Once the trial definition is ready to go, we can configure an experiment with the desired hyperparameters and resources with a `.yaml` config file.  This separation between config and code promotes reproducibility down the road.  We also track the environment and code used for each experiment so that users can easily replicate their results in the future.  

The magic of Determined is that users need to change very few things to run advanced ML workflows such as multi-node distributed training and advanced hyperparameter search.  

In [None]:
! cat detr_coco_pytorch/finetune_gcs.yaml

### You can test this out by running `det e create finetune_gcs.yaml .` from the `detr_coco_pytorch` folder using the terminal.

# Loading models from registry

After an experiment finishes running, we can track the resulting checkpoints if desired in the model registry.  This can be done through the command line (see below) or programmatically with python.  

`det model create <model_name>`

`det model register-version <model_name> <checkpoint_uuid>`

Once a checkpoint has been registered under a model, it can be easily accessed for future use.

In [None]:
model = Determined().get_model("detr")
ckpt = model.get_version()
ckpt_path = ckpt.download()
ckpt = torch.load(os.path.join(ckpt_path, 'state_dict.pth'))
metadata = json.load(open(os.path.join(ckpt_path, 'metadata.json'), 'r'))
hparams = AttrDict(metadata['hparams'])
model, _, postprocessor = build_model(hparams, 1)
model.load_state_dict(ckpt['models_state_dict'][0])

In [None]:
model.eval()
raw_img = dataset_val[772][0]
img = transform(raw_img).unsqueeze(0)
outputs = model(img)

# keep only predictions with 0.9+ confidence
probas = outputs['pred_logits'].softmax(-1)[0, :, :-1]
keep = probas.max(-1).values > 0.9

bboxes_scaled = rescale_bboxes(outputs['pred_boxes'][0, keep], raw_img.size)
plot_results(raw_img, probas[keep].argmax(-1), bboxes_scaled)

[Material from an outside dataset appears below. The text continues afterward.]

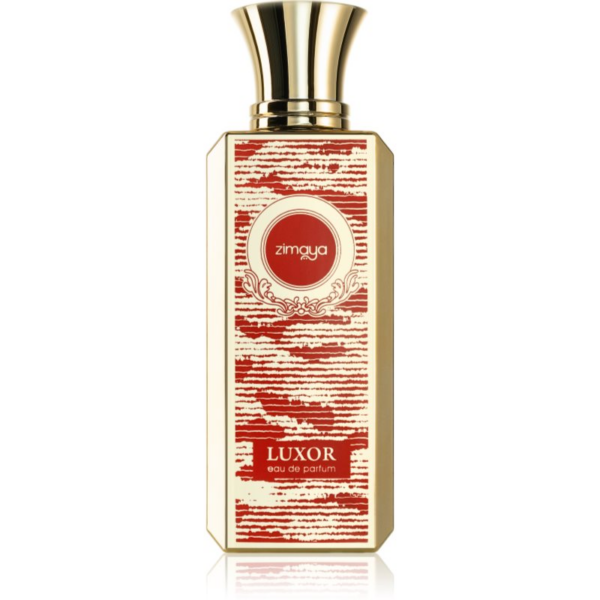 Zimaya Luxor Eau de Parfum unisex 100 ml-Ár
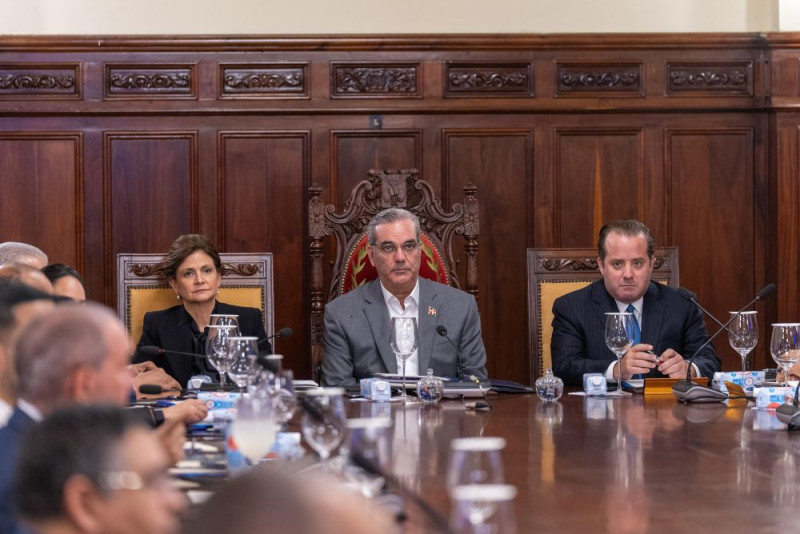 Gobierno cambiará forma de evaluación de las instituciones públicas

## Visualizing decoder attention weights (modified from [DETR notebook](https://colab.research.google.com/github/facebookresearch/detr/blob/colab/notebooks/detr_attention.ipynb#scrollTo=PcxWAOzOYTEn))

In [None]:
def visualize_decoder_weights(model, raw_img, img):
    conv_features, dec_attn_weights = [], []

    hooks = [
        model.backbone[-2].register_forward_hook(
            lambda self, input, output: conv_features.append(output)
        ),
        model.transformer.decoder.layers[-1].multihead_attn.register_forward_hook(
            lambda self, input, output: dec_attn_weights.append(output[1])
        ),
    ]

    # propagate through the model
    outputs = model(img)

    for hook in hooks:
        hook.remove()

    # don't need the list anymore
    conv_features = conv_features[0]
    dec_attn_weights = dec_attn_weights[0]
    
    # get the feature map shape
    h, w = conv_features['0'].tensors.shape[-2:]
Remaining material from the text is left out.